Automated Saliency Prediction Applied to Cinema Studies
​​
​This article examines how filmmakers use visual saliency—the prominent elements that attract attention—to guide audiences emotionally. By comparing CNN-based saliency maps with real eye-tracking data, the study explores cinema’s historical shift from single-shot to multi-shot storytelling, showing that saliency guidance played a key role in the emergence of film editing.​
​
Dissemination:
-NECS Annual Conference 2022 @ Bucharest, Romania
-CUT/GENERATE Conference 2025 @ Paris, France
-Published in Projections: The Journal for Movies and Mind. Issue 3, Winter 2023. Co-authored with Professor Suren Jayasuriya PhD.
Abstract
In visual cognition research, saliency refers to the prominence
of specific elements in a scene. Moreover, saliency guidance is part of a
filmmaker’s toolset to build narratives and guide the audience into emotive
responses. This article compares two Convolutional Neural Network (CNN)

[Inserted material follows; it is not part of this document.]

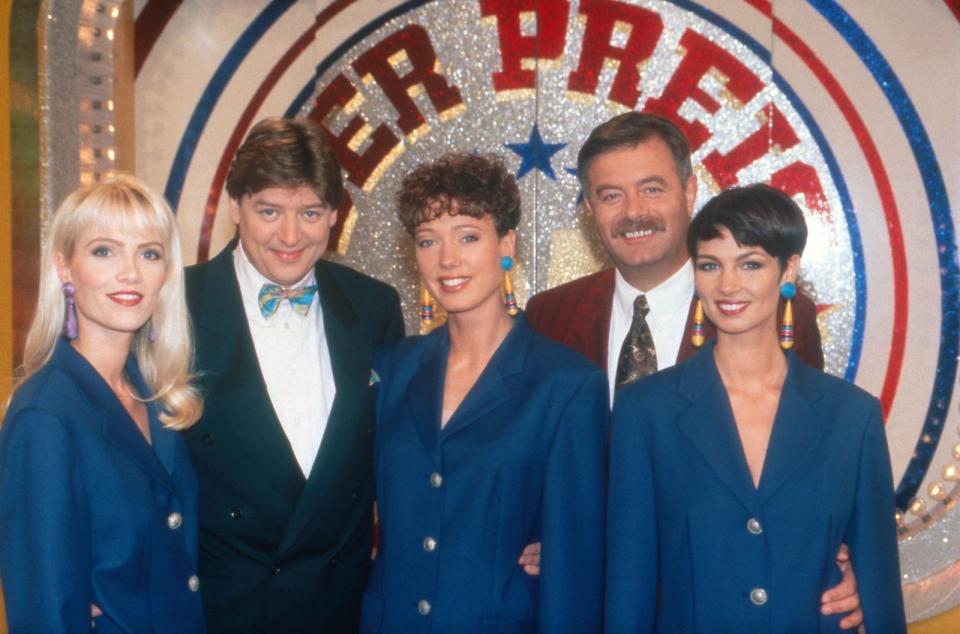 <p>In den USA liefen Gameshows wie "The Price is Right" bereits seit Jahrzehnten, in Deutschland sorgten Ende der 80-er die damals neuen Privatsender dafür, dass auch hierzulande im TV geraten, geschätzt und gewusst werden durfte. Die neuartigen Spielshows sorgten (anfangs) für gute Einschaltquoten und machten ihre Moderatoren zu TV-Stars. Was die einstigen Publikumslieblinge heute machen, zeigt die Galerie ... (Bild: Frank Hempel/United Archives via Getty Images)</p>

saliency mapping models with viewers’ eye-position mapping to investigate
the potentiality of automated saliency mapping in moving image studies by
analyzing saliency’s role during cinema’s transition from one-shot to multi-
ple-shot. Although the exact moment when montage and editing methods
appeared cannot be identifi ed with precision, findings suggest one of the
reasons for this transition was saliency guidance, hence its preponderance.